Even the best of earthly fathers are not perfect. My dad is not perfect and I have not been a perfect father. As simple or obvious as that may sound, we must each recognize that truth. We must teach it to our sons and daughters. They need to know that we know:
I am not perfect, but I am doing my best to give you a Godly example.
But don’t the mistakes make it hard to honor someone? Not really. What’s true of imperfect parents is true of imperfect children. So let’s honor them (and each other?) for the things done well.
God’s ways are not our ways.
My Dad taught me this truth from the book of Isaiah. We didn’t sit down and have a Bible study about it.
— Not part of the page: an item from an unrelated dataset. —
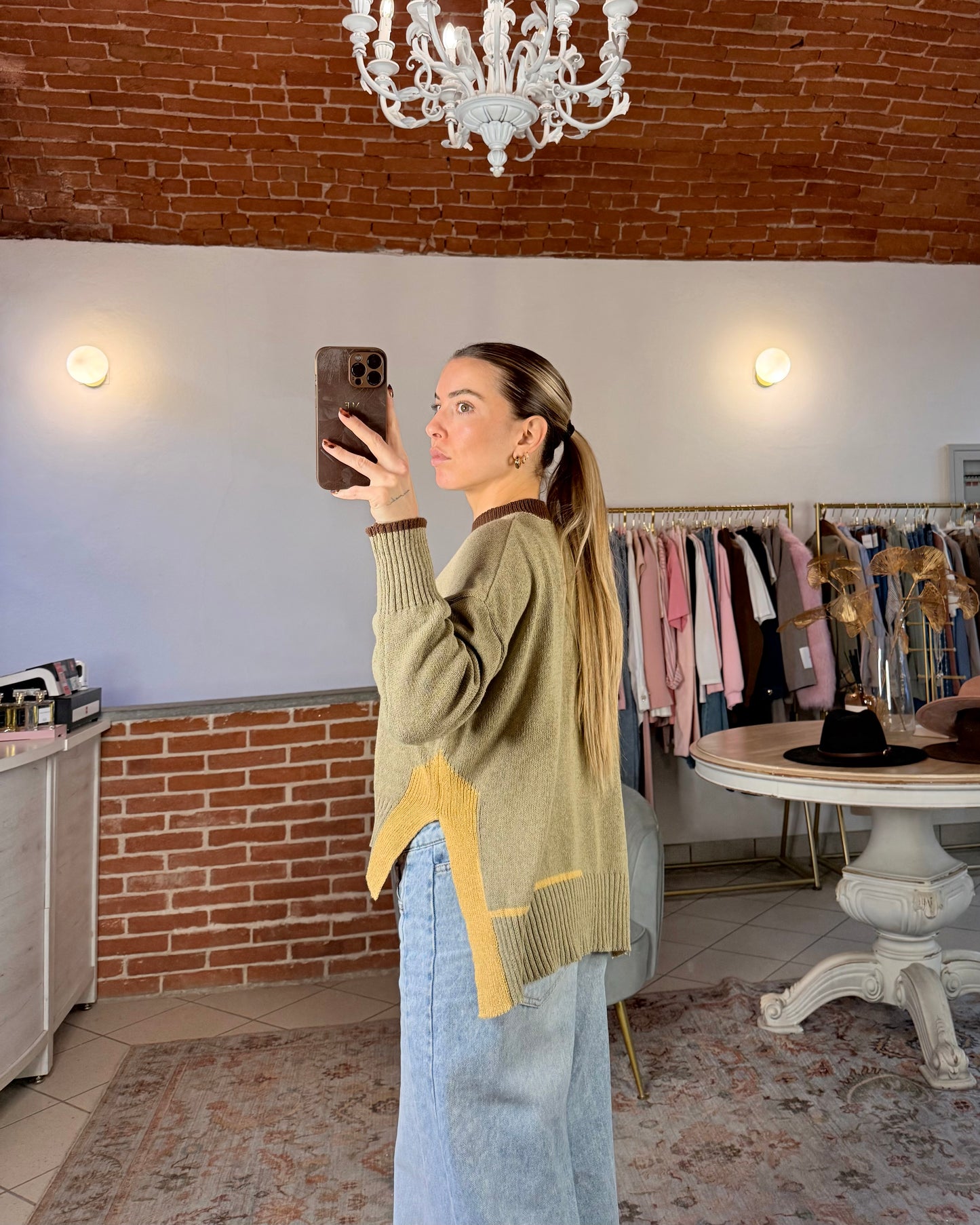 Maglioncino in cotone con spacchi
I saw that he believed this and I heard it in his preaching. Yes, my Dad is a pastor. That has its own parental challenges. It also has kid challenges.
Challenges aside, I learned this invaluable truth. God is not obligated to do things I think He “should.” He does not have to conform to my expectations. If He were to do so He would become a very small god (yes, little “g”). He is not required to fit into a Baptist box, a Methodist box, a Presbyterian box, or anyone else’s box. He is Himself, and that is more majestic than any of us can imagine!
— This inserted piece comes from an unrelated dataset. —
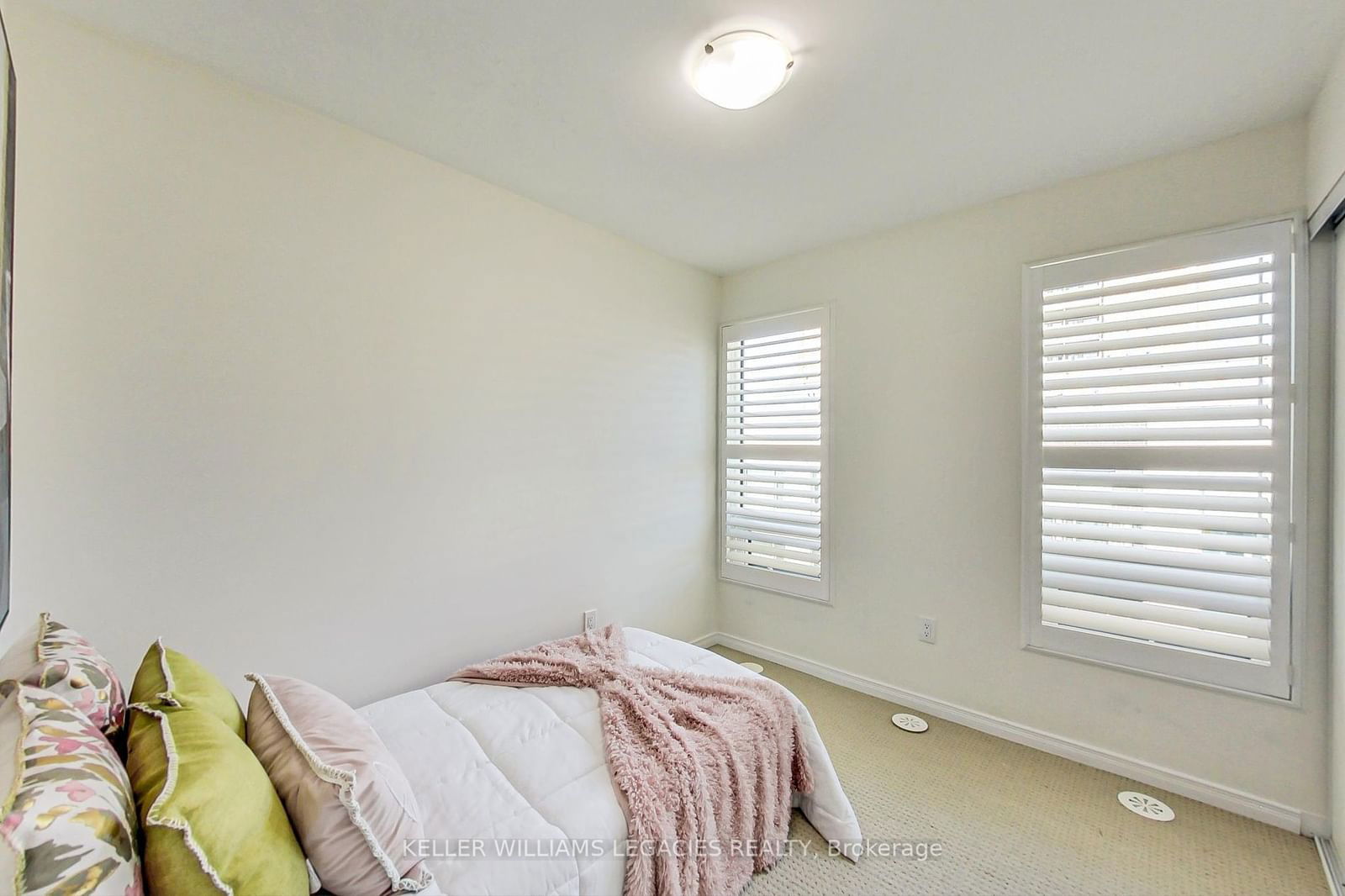 27 Applewood Lane, unit 254 for sale - image #20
Whatever your hand finds to do, do it as unto the Lord.
Solomon’s wisdom was lived in front of me. To work hard and do the work well was just the way things should be. Like most kids, I tried the ‘just enough to get by’ route, but it never worked. Not only did this truth serve me well as an adult, it is a way reflect the glory of our Father. Our Heavenly Father NEVER did anything second best! Think about it. And when we give that example to our children, they can see that whatever God has in store for them they can trust in His complete goodness. That is an incredible gift. It takes some of us longer than others to realize that.
Humble yourself – God gives grace to the humble.
One incident from my childhood embodies this principle (and others!). This instruction is given by James and Peter. What I saw is one of those ‘burned in my brain’ kind of memories. As I recall, it was a
Sunday evening church service. Dad gave the altar call and he was the one who came. He came to confess to his congregation. It was no lurid confession of immorality or anything like that.
As one still in grade school, I certainly didn’t understand it all even though I still remember some of the words. He confessed a failure of his heart toward his congregation. He acknowledged to them that he had been faithful to speak the truth of God’s Word from the pulpit. His failure, and the confession, concerned the attitude with which he spoke the Word. As an adult pastor, I know only too well how easy it is to be frustrated with hard-hearted, hard-headed church members (this goes all the way to Moses and the stiff-necked generation he was called to lead!).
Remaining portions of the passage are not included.